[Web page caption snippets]
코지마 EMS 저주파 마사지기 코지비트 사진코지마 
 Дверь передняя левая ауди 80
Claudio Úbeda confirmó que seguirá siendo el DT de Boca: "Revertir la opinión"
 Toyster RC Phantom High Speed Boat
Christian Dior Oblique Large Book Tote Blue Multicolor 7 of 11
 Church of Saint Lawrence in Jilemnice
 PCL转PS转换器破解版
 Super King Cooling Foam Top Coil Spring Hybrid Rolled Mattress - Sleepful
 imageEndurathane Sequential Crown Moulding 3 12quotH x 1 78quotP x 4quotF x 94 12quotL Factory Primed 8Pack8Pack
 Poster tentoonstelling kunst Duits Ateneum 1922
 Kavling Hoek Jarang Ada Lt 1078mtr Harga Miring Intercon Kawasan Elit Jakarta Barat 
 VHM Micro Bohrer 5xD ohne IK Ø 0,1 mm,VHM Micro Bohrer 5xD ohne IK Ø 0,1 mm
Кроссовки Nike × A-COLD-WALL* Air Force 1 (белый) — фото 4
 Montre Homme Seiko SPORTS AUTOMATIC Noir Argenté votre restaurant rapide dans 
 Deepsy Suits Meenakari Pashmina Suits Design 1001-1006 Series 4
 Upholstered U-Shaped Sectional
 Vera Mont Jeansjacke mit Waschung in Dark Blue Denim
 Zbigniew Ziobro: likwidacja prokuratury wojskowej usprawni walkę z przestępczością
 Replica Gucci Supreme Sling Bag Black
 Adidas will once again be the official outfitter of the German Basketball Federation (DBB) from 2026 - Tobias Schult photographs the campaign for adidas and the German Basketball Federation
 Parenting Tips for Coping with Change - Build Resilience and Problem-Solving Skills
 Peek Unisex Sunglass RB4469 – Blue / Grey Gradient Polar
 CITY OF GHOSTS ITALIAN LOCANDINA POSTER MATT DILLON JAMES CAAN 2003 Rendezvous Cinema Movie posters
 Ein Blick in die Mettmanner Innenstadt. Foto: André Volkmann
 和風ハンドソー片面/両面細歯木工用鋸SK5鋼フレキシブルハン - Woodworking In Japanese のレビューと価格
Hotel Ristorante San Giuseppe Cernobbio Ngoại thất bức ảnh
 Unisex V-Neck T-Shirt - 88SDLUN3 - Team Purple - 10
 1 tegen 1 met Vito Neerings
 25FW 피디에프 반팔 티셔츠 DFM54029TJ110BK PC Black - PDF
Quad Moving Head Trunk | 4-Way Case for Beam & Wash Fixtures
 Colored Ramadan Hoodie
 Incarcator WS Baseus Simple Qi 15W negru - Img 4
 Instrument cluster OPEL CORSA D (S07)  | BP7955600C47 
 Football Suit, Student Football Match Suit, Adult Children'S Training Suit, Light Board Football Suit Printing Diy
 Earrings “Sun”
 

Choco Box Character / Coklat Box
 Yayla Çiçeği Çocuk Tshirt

● **Task item**
A single number is the expected answer: how many lines of the records above contain the word "Unisex".

● **Finished exercise**
2